« Cris et larmes d’une vision infernale"

Ludmila ACONE
LAMOP, Université Paris 1-Panthéon-Sorbonne

Résumé :
En mai 1304, la ville de Florence est le théâtre d’un évènement marquant : une représentation de  l’enfer annoncée par crieurs publics, battant le tambour dans les rues de la cité, sans texte ni musique, car mise en scène sous forme de pantomime et se déroulant simultanément sur terre et sur l’eau. Dans sa Cronica, Giovanni Villani offre une description détaillée de cette représentation des feux de l’enfer, des peines et des martyres que subissaient des hommes habillés en diable et des âmes nues criant et pleurant. Mais la charge fut tellement puissante que les scènes tombèrent, beaucoup de spectateurs se noyèrent. Les cris et les pleures s’étendirent alors au public. Cela fit grand bruit dans la ville et fut perçu comme un signe du châtiment des pécheurs. Les affres des peines infernales, guettant les pécheurs spectateurs rejoignent les préoccupations eschatologiques des contemporaines et le souci édifiant des autorités politiques et religieuses. Ces dernières ont cherchée, dans cette représentation, un instrument efficace de « communication » au sein de l’espace citadin. L’enfer se donnait a « voir » et à entendre en visant à toucher les spectateurs et a les impliquer dans le récit.

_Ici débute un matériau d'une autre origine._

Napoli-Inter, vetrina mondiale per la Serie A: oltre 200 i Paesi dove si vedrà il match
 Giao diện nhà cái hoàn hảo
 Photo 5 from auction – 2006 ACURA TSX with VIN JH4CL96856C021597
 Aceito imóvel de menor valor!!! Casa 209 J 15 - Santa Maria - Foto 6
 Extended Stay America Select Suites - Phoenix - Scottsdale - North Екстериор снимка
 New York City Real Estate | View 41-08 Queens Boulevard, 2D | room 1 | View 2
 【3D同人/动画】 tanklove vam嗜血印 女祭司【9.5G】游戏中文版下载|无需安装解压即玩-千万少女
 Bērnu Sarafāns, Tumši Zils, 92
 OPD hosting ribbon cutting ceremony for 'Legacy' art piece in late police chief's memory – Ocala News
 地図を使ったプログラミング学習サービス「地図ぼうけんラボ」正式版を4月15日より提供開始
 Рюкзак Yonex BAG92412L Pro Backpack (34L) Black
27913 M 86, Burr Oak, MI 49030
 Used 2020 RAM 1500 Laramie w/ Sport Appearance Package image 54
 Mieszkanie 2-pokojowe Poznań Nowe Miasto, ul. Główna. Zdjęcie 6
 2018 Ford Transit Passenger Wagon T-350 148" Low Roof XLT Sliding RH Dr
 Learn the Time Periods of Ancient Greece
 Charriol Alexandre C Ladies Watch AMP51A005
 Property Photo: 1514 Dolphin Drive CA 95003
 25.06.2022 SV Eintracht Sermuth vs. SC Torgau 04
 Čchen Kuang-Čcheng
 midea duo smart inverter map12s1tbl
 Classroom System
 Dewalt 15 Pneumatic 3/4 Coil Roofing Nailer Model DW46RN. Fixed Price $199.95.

La ville est ainsi l’espace de transmission d’un discours, qui à travers la perception sensible et sonore des émotions, englobe toute la communauté et devient un véhicule de partage de valeurs et de consensus : les acteurs et les spectateurs font ainsi corps avec le corps bâti de la ville.

Abstract :
In May 1304, the city of Florence was the scene of a milestone: the representation of the hell announced by town criers, drumming in the streets of the city, with no text or music, since it was staged in the form of a pantomime taking place simultaneously on land and water. In this Cronica, Giovanni Villani offers a detailed description of this representation of the hellfire, of penalties and martyrdom suffered by men dressed like devils and screaming and crying naked souls. But the total weight of these representation was so heavy that the scenes fell and many spectators were drowned. Shoutings and cries were then extended to the public. This caused an uproar throughout the city and was seen as a sign of punishment for the sinners. The pangs of pains from the hell, threatening sinner spectators are echoing eschatological concerns of the contemporary people and the edifying concern of the political and religious authorities. These have sought, in this representation, an effective instrument of "communication" within the urban space. Hell offered istself to be "seen" and heared so to touch the audience and involve them in the whole story. The city is thus the place of transmission of a speech, through which the perception of sound and emotion, embraces the whole community and becomes a vehicle for shared values and consensus : the actors and the audience are doing one with the built frame of the city, they draw alltogether his time and space.